A case against seeing humans as separate from the rest of life
In a new discussion around her book Humans: The evolution of a species, biological anthropologist and broadcaster Alice Roberts makes a point that is at once simple and still culturally disruptive: humans should be understood as animals, not as beings somehow detached from the rest of evolutionary history.
That argument is not presented as a provocation for its own sake. In the interview, Roberts describes it as the product of scientific training and teaching experience, particularly a period when she moved from teaching human anatomy to also teaching in a veterinary setting. Looking at a lamb’s heart, she says, changed how she understood human bodies, helping her see people not as exceptional creations outside biology, but as another mammal inside it.
What changes when humans are treated as another animal
Roberts’s point is not that humans are uninteresting or trivial in evolutionary terms. Quite the opposite. Her argument is that understanding our species becomes more coherent when it begins with continuity rather than separation. Human anatomy, she says, preserves an extraordinarily long record of descent.
In the interview, Roberts traces that continuity across multiple scales. The biochemistry inside human cells reaches back to the earliest single-celled creatures in ancient oceans. The structure of arms and legs reaches back roughly 360 million years to the first amphibians moving onto land, when fins became limbs. Bones, organs, and developmental changes are not isolated facts in this view. They are historical evidence.

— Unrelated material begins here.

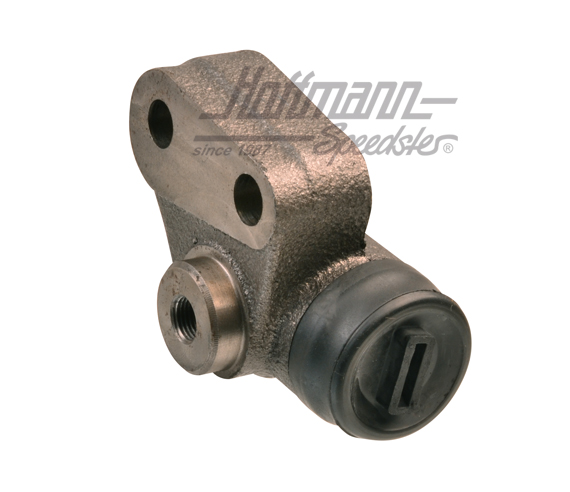 Cilindro freno ruota, anteriore, 63-70, TRW, destra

That perspective shifts the meaning of anatomy. A skeleton is not only a functional frame for a living person. It is also a record of evolutionary inheritance. The same is true of organs and cellular processes. Roberts’s framing turns the human body into a layered archive rather than a static design.

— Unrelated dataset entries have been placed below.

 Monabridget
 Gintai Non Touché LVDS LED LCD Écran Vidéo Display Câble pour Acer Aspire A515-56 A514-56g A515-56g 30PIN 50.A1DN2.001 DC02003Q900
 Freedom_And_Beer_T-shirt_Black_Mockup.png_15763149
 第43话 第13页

The tension inside human exceptionalism
The interview does not deny that Homo sapiens has unusual traits. Roberts acknowledges the obvious question: if humans are just another animal, why do we walk on two legs, build complex societies, and occupy nearly every habitat from jungle to Arctic wasteland? The answer, implied through the conversation, is that human distinctiveness is real but does not require metaphysical separation from the rest of life.
This matters because popular debates often treat the issue as binary. Either humans are utterly unlike other animals, or human achievements must be minimized. Roberts’s evolutionary framing rejects both extremes. It leaves room for the species’ extraordinary ecological reach while insisting that the route to that reach still runs through ordinary biological descent.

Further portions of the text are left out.